The main and secondary mirrors are between the image sensor, and the viewfinder and the shutter curtains are closed.


----------



## Josh66 (Jun 10, 2013)

Starskream666 said:


> someone on another thread mentioned something about maybe a smudge being on a guys sensor which caused this problem



I believe that may have been me.  That thread had sample photos though, and that explanation seemed at the time to be one of the things that could have possibly caused the issue that person was having.  Anyway, after more information, it seems to not be the actual issue.

In general, dust (or whatever), when visible though the viewfinder is most likely on the focusing screen - in which case it is physically not possible for it to also be in the resulting photo.  Dust that is on the sensor (which can be noticed in the resulting photo) can never be seen through the viewfinder.  (One exception might be live view.)


----------



## bratkinson (Jun 11, 2013)

It sounds like you are attempting to do manual focus using only the viewfinder. With most (all?) non-L series lenses, the switch on the lens must be set to MF rather than AF or unpredictable results may occur. While in manual focus, unless you have a film camera style 'split image' viewfinder like 35mm SLRs had/have or some other add-on such as a Katz-eye, it's near impossible to accurately determine if it is REALLY focused accurately through the eyepiece. For manual focusing, switch to Live-View, and the larger image will help significantly.

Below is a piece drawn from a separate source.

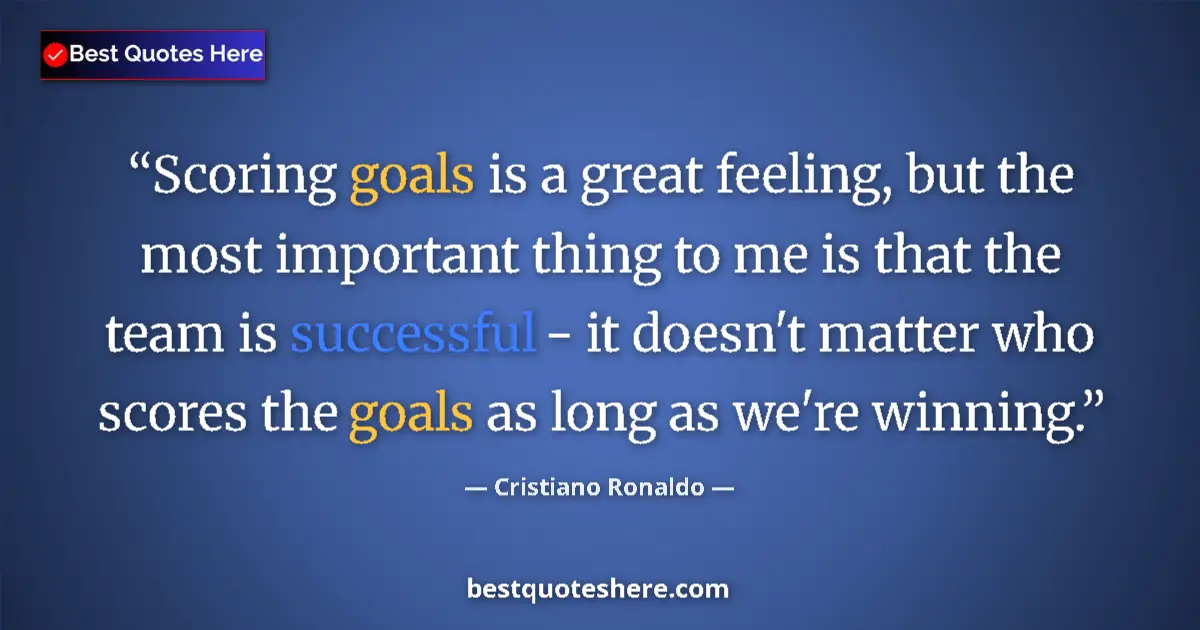 Quote by Cristiano Ronaldo: Scoring goals is a great feeling, but the most important thing to me is that the team is successful ...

If you are letting the lens focus automatically, then your camera is probably choosing a different point to focus on than your small statue. It will usually select whatever is closest. Your 60D has 9 focus points it can choose from unless you choose for it. In One-Shot mode, the point(s) selected for focusing will light up in red when the shutter button is half-pressed. It may take several 'test half-presses' to get it to choose the focus point where you want it, then press it the rest of the way to take the picture. Alternatively, change the focus selection (see pg 78 of your user manual or download it from the Canon website) to select only the center focus point and then put that where you want the focus to be.

It could also be a case of a too-slow shutter speed as well.  For hand held, you probably want to have a shutter speed faster than 1/125 or so to stop any camera shake from blurring the image.

Although unlikely, it's also possible that the lens and camera together need a micro-adjustment (aka, calibration) to get the sharpest focusing. Unfortunately, the 60D does not have that feature that one could perform it at home. It would have to be sent to Canon and they charge some amount. Sending it in should only be the very 'last resort' if all else fails.


----------



## Josh66 (Jun 11, 2013)

bratkinson said:


> With most (all?) non-L series lenses, the switch on the lens must be set to MF rather than AF or unpredictable results may occur.



I think any USM lens can override the focus mode switch.  If you're manually focusing with the switch set to AF, you'll want to be using back button focusing on the camera though.


----------



## Starskream666 (Jun 11, 2013)

Thanks for the post bratkinson but I did know most of that anyway, i can't remember what shutter i was using but it was probably fast enough as it was outside and a nice day. I always have the focus point in the center, just the 1 so i have conrtol of what im focusing then move the camera down or up with the one shot focus. So perhaps i was moving ever so slightly back and the shallow depth of field caused the problem.

Also I think what I forgot to mention is I looked at it through live view aswell and took the photo and I think it still happened. Oh well ill do some tests and get back to you


----------



## curtyoungblood (Jun 11, 2013)

> it would look in focus but when i took the picture it would be slightly out of focus :/ id have to aim my focus at its chest to get the head in focus or something like that...



So, if you aimed at the statues chest, then the face was was actually in focus?

That sounds like your lens is back focusing.


----------